El avión con destino a Barcelona está listo para embarcar. El finger que lo conecta con la terminal va
engullendo la cola de pasajeros que se ha formado desde hace ya un buen rato.
Al hombre occidental le entra la prisa en los momentos más insospechados –de
camino al trabajo, al entrar en un avión.
Una mujer se quita la americana, se
alisa la falda para sentarse y cuelga la chaqueta en el respaldo del asiento
anterior para sentarse y abrocharse el cinturón. Son gestos mecánicos. Lleva
tacones finos y medias oscuras. Inclina la cabeza hacia atrás y cierra los
ojos. El trayecto es corto y lo conoce de memoria.

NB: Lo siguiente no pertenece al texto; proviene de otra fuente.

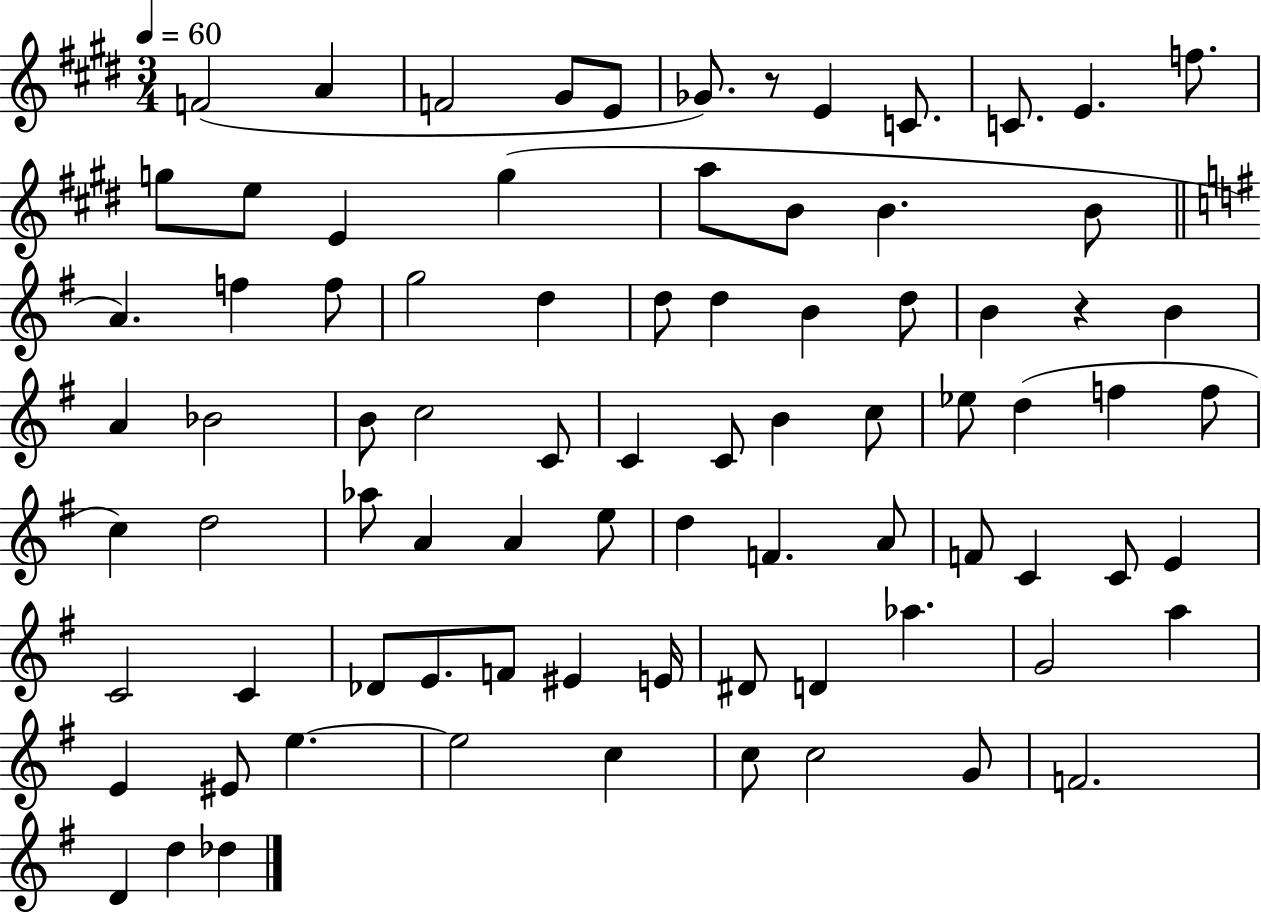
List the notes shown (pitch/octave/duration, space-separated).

F4/h A4/q F4/h G#4/e E4/e Gb4/e. R/e E4/q C4/e. C4/e. E4/q. F5/e. G5/e E5/e E4/q G5/q A5/e B4/e B4/q. B4/e A4/q. F5/q F5/e G5/h D5/q D5/e D5/q B4/q D5/e B4/q R/q B4/q A4/q Bb4/h B4/e C5/h C4/e C4/q C4/e B4/q C5/e Eb5/e D5/q F5/q F5/e C5/q D5/h Ab5/e A4/q A4/q E5/e D5/q F4/q. A4/e F4/e C4/q C4/e E4/q C4/h C4/q Db4/e E4/e. F4/e EIS4/q E4/s D#4/e D4/q Ab5/q. G4/h A5/q E4/q EIS4/e E5/q. E5/h C5/q C5/e C5/h G4/e F4/h. D4/q D5/q Db5/q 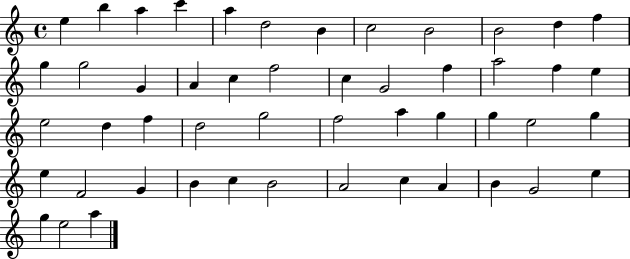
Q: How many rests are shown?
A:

Hay turbulencias. Las sacudidas del
avión la desvelan. Mira a su derecha.
Una coetánea se aprieta las manos entre
las rodillas. Entrelaza los dedos y empieza a murmurar. Está
rezando. Se frota la medalla que cuelga del cuello y cierra los ojos.
El avión aterriza por fin. Las dos
mujeres salen, una detrás de la otra. La ejecutiva que conoce el
camino de memoria se dirige a coger un taxi, en un gesto instintivo vuelve la
vista atrás y ve a su compañera de viaje que se abraza con alguien.